Computer Guru Son, Organizer Daughter, and I went to see this movie last night, and I can now say with some authority that, although I’ve never read the book, both book and movie are:
A. seriously odd,
B. full of Darwinian nonsense,
C. full of lots of other nonsense,
D. NOT a source for the true meaning of life, the universe, and everything, and
E. really funny.
The Hitchhiker’s Guide to the Galaxy by Douglas Adams (originally a radio series) was written as a parody of 1960’s/70’s sci-fi, and as such it works admirably. Adams also considered himself “an evangelical atheist,” and as such he’s funny, but unconvincing. Try these quotations on for size:
“He hoped and prayed that there wasn’t an afterlife. Then he realized there was a contradiction involved here and merely hoped that there wasn’t an afterlife.”

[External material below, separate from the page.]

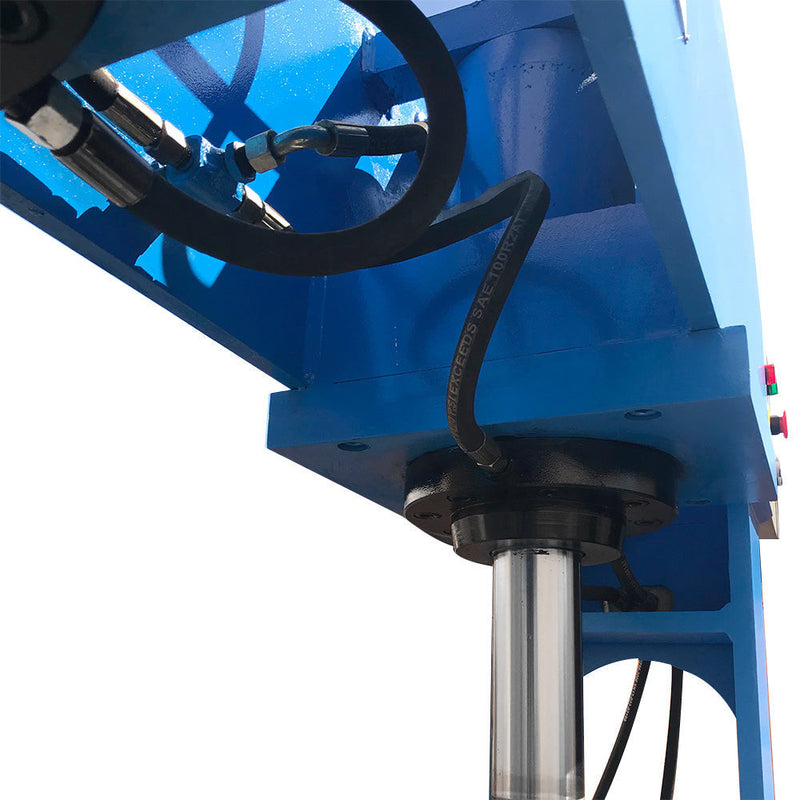 2 Cylinder 3 Phase 220 Volt Electric 100 Ton Hydraulic Press Brake Bender Bending 51" x 3/8"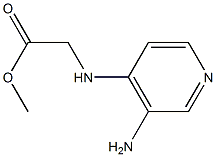 methyl 2-[(3-aminopyridin-4-yl)amino]acetate Struktur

‘Now it is such a bizarrely improbably coincidence that anything so mindbogglingly useful [the Babel fish] could have evolved by chance that some thinkers have chosen to see it as a final and clinching proof of the non-existence of God.

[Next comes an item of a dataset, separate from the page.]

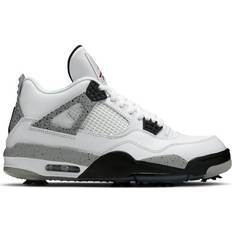 Nike Air Jordan 4 Shoes Nike Air Jordan 4 Golf M - White/Tech Grey/Black/Fire Red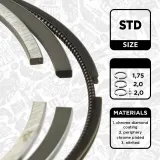 Zylinderkopfschraubensatz ET ENGINETEAM BS0021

The argument goes something like this: “I refuse to prove that I exist,” says God, “for proof denies faith, and without faith I am nothing.”
“But,” says Man, “the Babel fish is a dead giveaway isn’t it? It could not have evolved by chance. It proves you exist, and so therefore, by your own arguments, you don’t. QED.”
“Oh dear,” says God, “I hadn’t thought of that,” and promptly vanishes in a puff of logic.”
He’s jollied you right out of all that God stuff, right? Don’t panic! You can watch the movie with discerning detachment and laugh and have a good time and still believe in God when it’s all over.